In the past 15 years I have been to Poland many times and sometimes I feel like I know this country better than mine. I have especially been following traces of Jewish life in Poland and made some exciting discoveries I would like to share with you. It does not have to be only Warsaw, Cracow, Wrocław and Lódź but also cities like Białystok, Zamość, Łancut and Lwow. Today Lviv in the Ukraine make us feel again what Jewish life in Poland meant.
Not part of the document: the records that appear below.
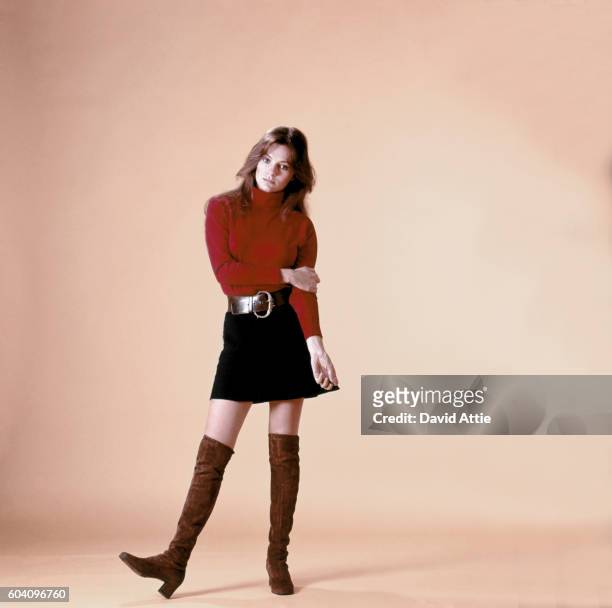 English actress Jacqueline Bisset poses for a studio portrait circa 1970 in New York, New York.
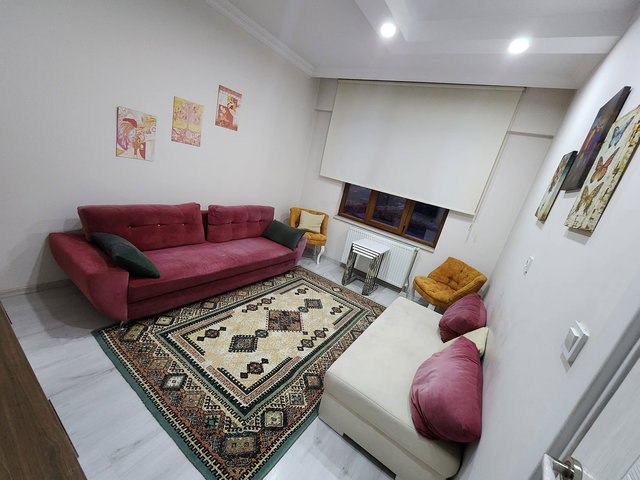 RE/MAX DEĞİŞİMDEN ÜNİVERSİTE MAHALLESİNDE 2+0 KİRALIK DAİRE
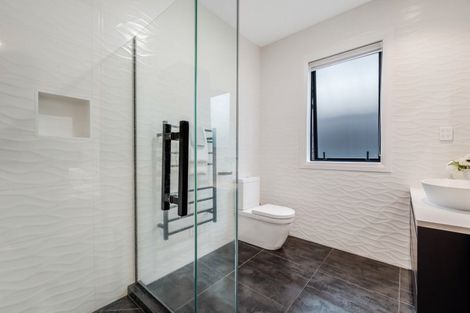 Photo of property in 45 Armstrong Farm Drive, East Tamaki Heights, Auckland, 2016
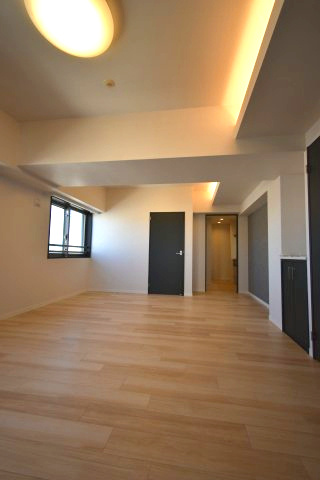 グランディ市谷柳町の居間・リビング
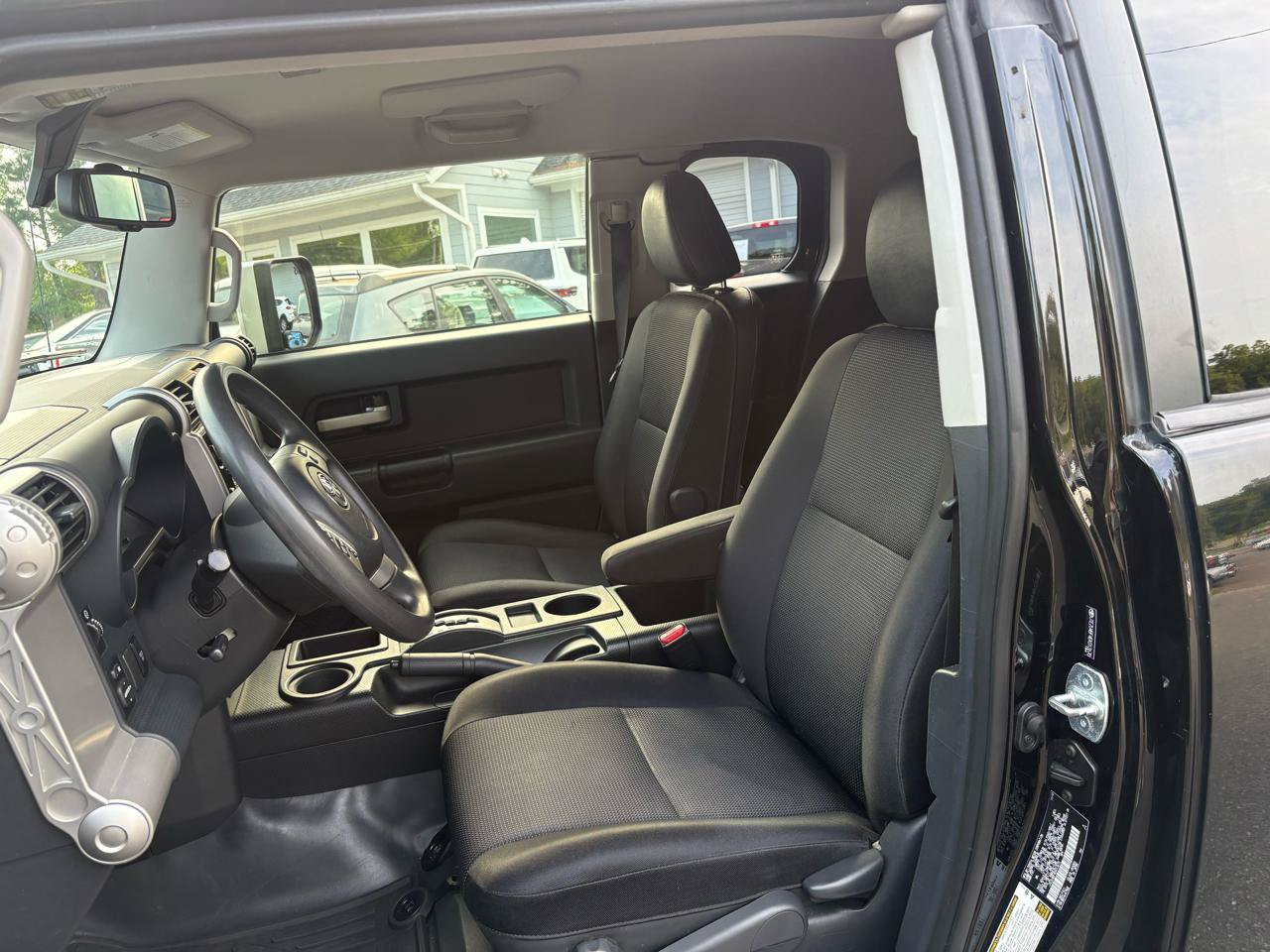 Used 2014 Toyota FJ Cruiser 2WD w/ Convenience Package image 8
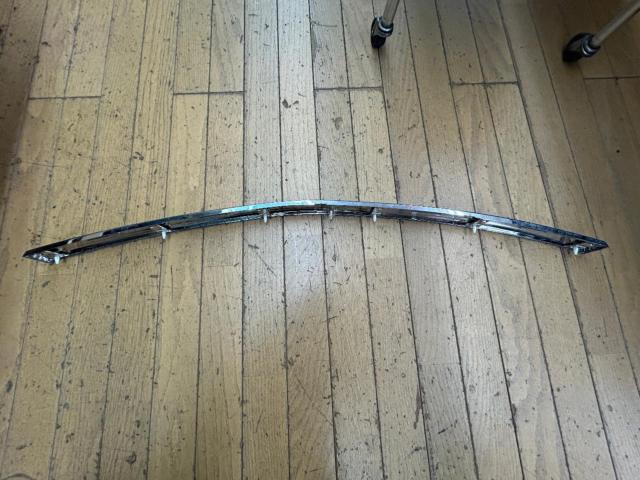 SUZUKI(スズキ) 純正ボンネットメッキモール DA64W系エブリィ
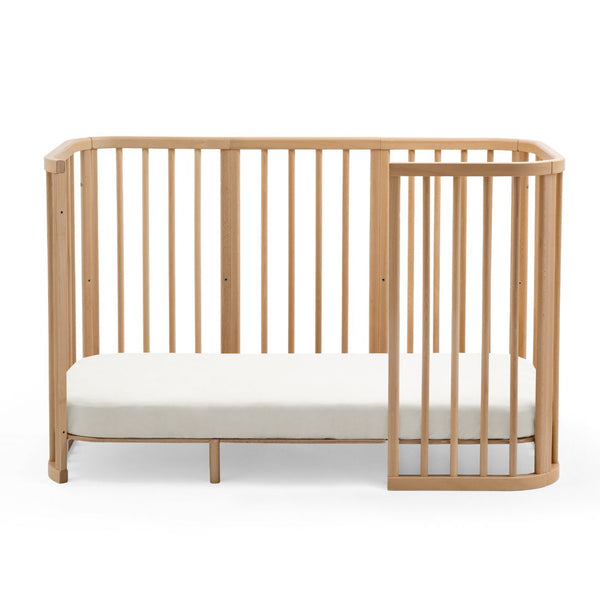 Stokke Nighti Convertible Cot Bed em madeira com colchões, lençóis e kit de extensão para bebé até aos 5 anos natural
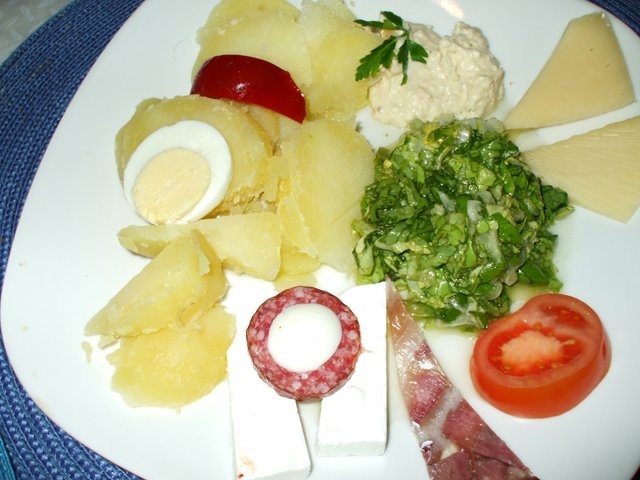 Aperitiv cu de toate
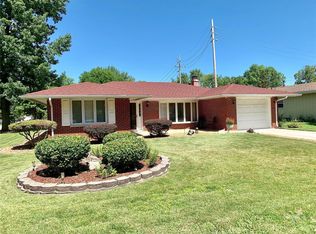 14 Concord Dr, Fairview Heights, IL 62208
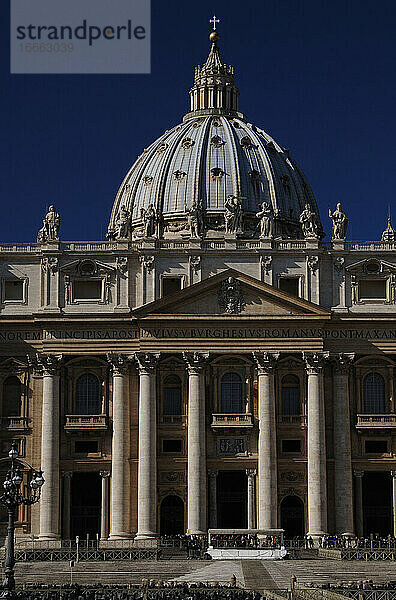 Vatikanstadt. Touristen auf dem Petersplatz und in der Basilika St. Peters.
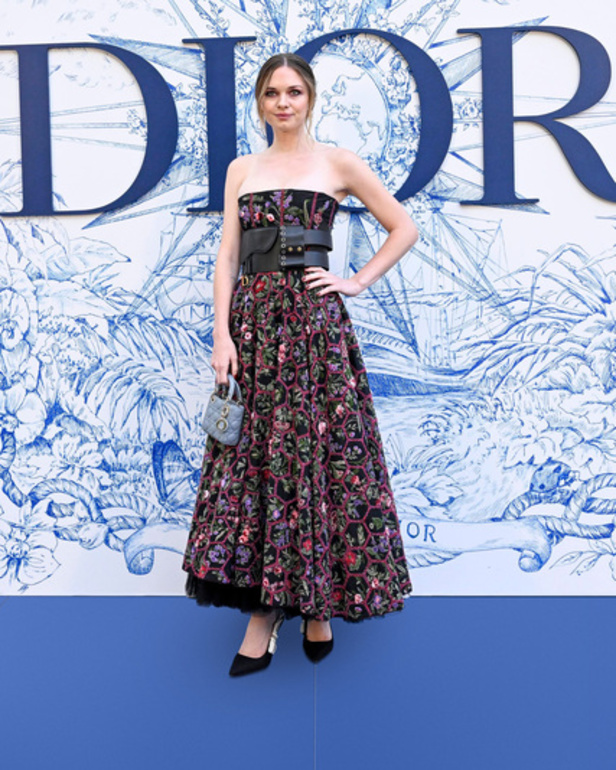 Dior تحتفل بالأنوثة في مجموعة "ديور كروز" للعام 2023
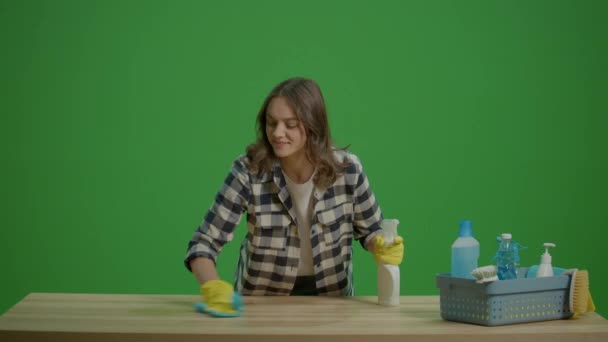 Yeşil Ekran Gülümseyen Genç Bir Kadın Masayı Sprey Şişe Bir — Stok video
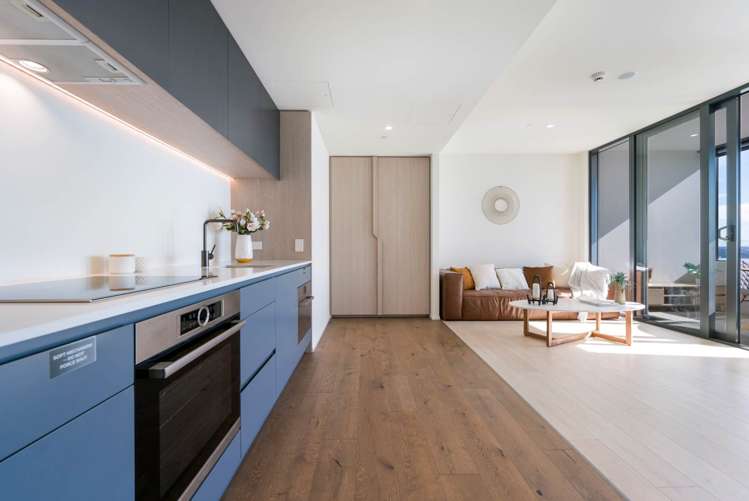 2603/10 Commerce Street City Centre_6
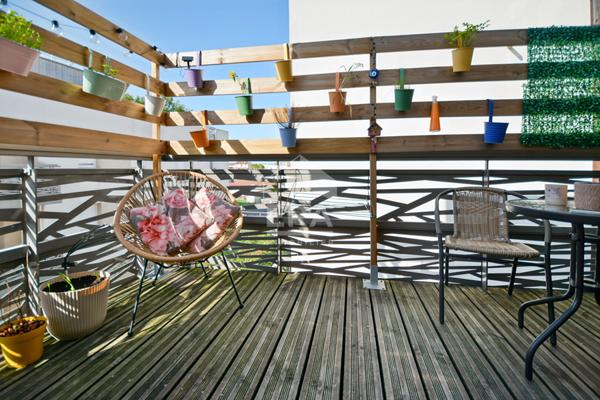 Appartement Villeurbanne 3 pièce(s) 64.02 m2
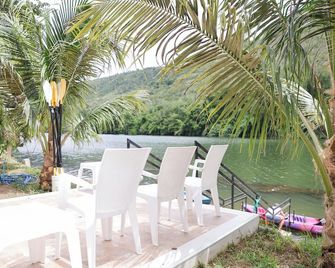 Tiger House River Kwai - Ban Tha Thong Mon - Patio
Depending on how much time you have, we can visit the following places:
The Classical Tour: Warsaw and Cracow or Łódź (three days) – What we find today of Warsaw‘s Jewry is very limited, but at least the most important synagogue of the Polish Jews is still there. The Prozna street offers you an idea of pre-war Jewish Warsaw. A must-see is the Historical Jewish Institute, where you can see how life in the Warsaw Ghetto was after having seen traces of the Ghetto and the Ghetto uprising. The two Finnish architects Rainer Mahlamaeki and Ilmari Lahdelma a built the Museum of Polish Jewry, whose permanent exhibiton is planned to open in 2014.
It is a three-hour train ride to Cracow. The Jewish neighborhood Kazimierz has become famous for Spielberg’s movie “Schindler’s List”. On a walking tour we will experience how Jewish life was here in the past, walking past the synagogues that are today partly still in use or museums. They are all worth visiting. The Jewish community of Cracow numbers about 150 members today. The “Galicja Museum“, which was founded by Chris Schwarz from Great Britain, has a very interesting permanent exhibition of Jewish traces in contemporary Poland. From here it is not far to the Cracow Ghetto and Schindler’s factory, which has been turned into a museum about Jewish life under the occupation.
Auschwitz is another day-long excursion: Auschwitz 1 can only be visited in larger groups with a guide from the museum. This is not the case in the death camp Auschwitz 2 Birkenau; Auschwitz Monowitz no longer exists. I learned a lot about the camps from my friend and Holocaust survivor Noah Klieger, and I would like to pass that on to you.
The Warsaw visit can also be followed by a trip to Łódź. Immediately we think of the ghetto that existed longer than the others, between 1939 and 1944. The Jews represented a third of the entire population of the city and one third of the owners of (mainly textile) factories were Jews. The Jewish cemetery is the biggest in Europe with 180,000 tombs. I am always fascinated by the Memorial of the Radegast train station, from where the deportations to the concentration camps in Auschwitz and Chełmno were organized.
Wroclaw and Cracow (three days): Wroclaw/Breslau is a city characterized by the German Jewry and from which famous rabbis like Hermann Cohen or Leo Baeck emerged. The synagogue “White Stork” was restored by Norwegian artist Bente Kahan, who financed the works. The Jewish cemeteries bear witness to a very active Jewish German society that once lived in the city. The families of Abraham Geiger and Ferdinand Lassalle are buried here.
The Jewish neighborhood Kazimierz has become famous for Spielberg’s movie “Schindler’s list.” On a walking tour, we will experience how Jewish life was here in the past as we walk by the synagogues that are today partly still active or have been converted into museums. They are all worthwhile to visit. The Jewish community of Cracow numbers about 150 members today. The “Galicja Museum,“ which was founded by Chris Schwarz from Great Britain, has a very interesting permanent exhibition of Jewish traces in contemporary Poland. From here it is not far to the Cracow Ghetto and Schindler’s factory which was turned into a museum about Jewish life under the occupation.
The East of Poland: Lublin – Majdanek – Zamość – Kazimierz Dolny (minimum 4 days): Lublin is considered the Jewish Oxford, although we can only find a few traces that bear witness to the scholarship that existed there. Very close to the city one of the German death camp is located: the concentration camp Majdanek. Zamość looks like a small city from a fairy tale that was designed by Jan Samojski in the 16th century as an Italian renaissance town. Its recently renovated synagogue dates back to the beginning of the 17th century. Kazimierz Dolny is very small but attractive for Jewish travelers: the former synagogue has a small Jewish museum with judaica. The trip can conclude in Warsaw.
From Cracow to Lwow (5 days minimum): Both cities are full of Jewish history, but what about the places in between? One of the most beautiful synagogues I have ever seen is in Łancut, but there are also synagogues in Przemyśl and Jarosław, though unfortunately in a relatively desolate state. Please note that Lwow is in the Ukraine, which is not a member of the European Union.